Now, after nearly 50 years of service, Warrant Officer Kutia is the longest-serving woman in the Royal New Zealand Air Force and is leaving after witnessing momentous changes.

In 1972, after leaving college, the 17-year-old was the only applicant at the local RSA, where she passed her entry test.

At the time, enlisted females joined the Women’s Royal New Zealand Air Force and were only given a three-year contract rather than the 8-12 year contract offered to men.

Jobs were limited to clerical trades, such as shorthand typists and data processors, and were paid 80 percent of the men’s rate.

Women were required to be single on enlistment. If they married or got pregnant, they were discharged.

The six-week recruiting course was also more limited.

“We weren’t allowed to use weapons, so there was no rifle drill or ground defence exercise,” says Dale. “Instead we had a picnic at West Melton.”

They spent the time making bed packs and having blankets thrown on the floor if beds weren’t made properly. They also polished brass and their shoes.

Following recruiting training, Warrant Officer Kutia began her Clerk General Duties course at Wigram, where they were finally allowed to mix with the males – but only during the work day and not to socialise out of hours.

A big shock was not being allowed to ride a bike because wearing a skirt meant it was “unladylike”.

“It wasn’t until 1977 that were we allowed to ride bikes,” she says.

In 1983, Warrant Officer Kutia and her husband Richard, also in the Air Force, were chosen to be the first married couple to be posted together to Singapore. However, the posting was pulled because of the perceived unfair financial advantage they would both receive.

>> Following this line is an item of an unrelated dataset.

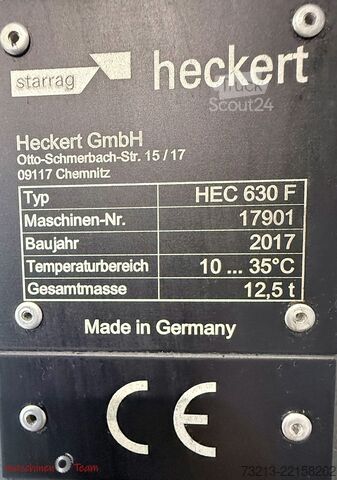 WEKO Anhänger- und Maschinenbau WEKO Anhänger- und Maschinenbau WEKO Anhänger- und Maschinenbau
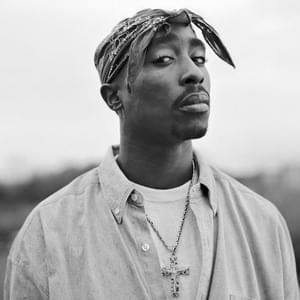 Conspiracies revolving around Tupacs death - 2Pac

“So I chose to go on leave without pay and followed my husband,” she said.

After two years the pair returned to Woodbourne and Warrant Officer Kutia returned to work.

She excelled at her trade and was awarded the Meritorial Service Medal for her role of looking after a $300,000 budget and turning a team in turmoil into an efficient unit.

She was also heavily involved in recruiting on-and-off for about 12 years, shaping the face of the RNZAF.

In 1997, she was the first person from the Air Force deployed to the Sinai in Egypt as an officer clerk. The posting had always previously gone to Army personnel.

Later, she was chosen for a year-long deployment to Timor-Leste, where she was an advisor to the Timor-Leste Army.

In the later part of her career she took on major projects that affected the entire Defence Force. She created a computer version to replace paper payslips, which would arrive weeks after pay day and generally ended up in bins.

Relaxing in her Waipukurau home, Warrant Officer Kutia says looking back on her career it doesn’t feel like 48 years has passed.

The decision in 1977 to integrate the WRNZAF with the RNZAF was significant as it offered women so many more opportunities, she said.

“Over the years we started to have a voice,” she says. “There’s still work to be done, especially with leadership opportunities.”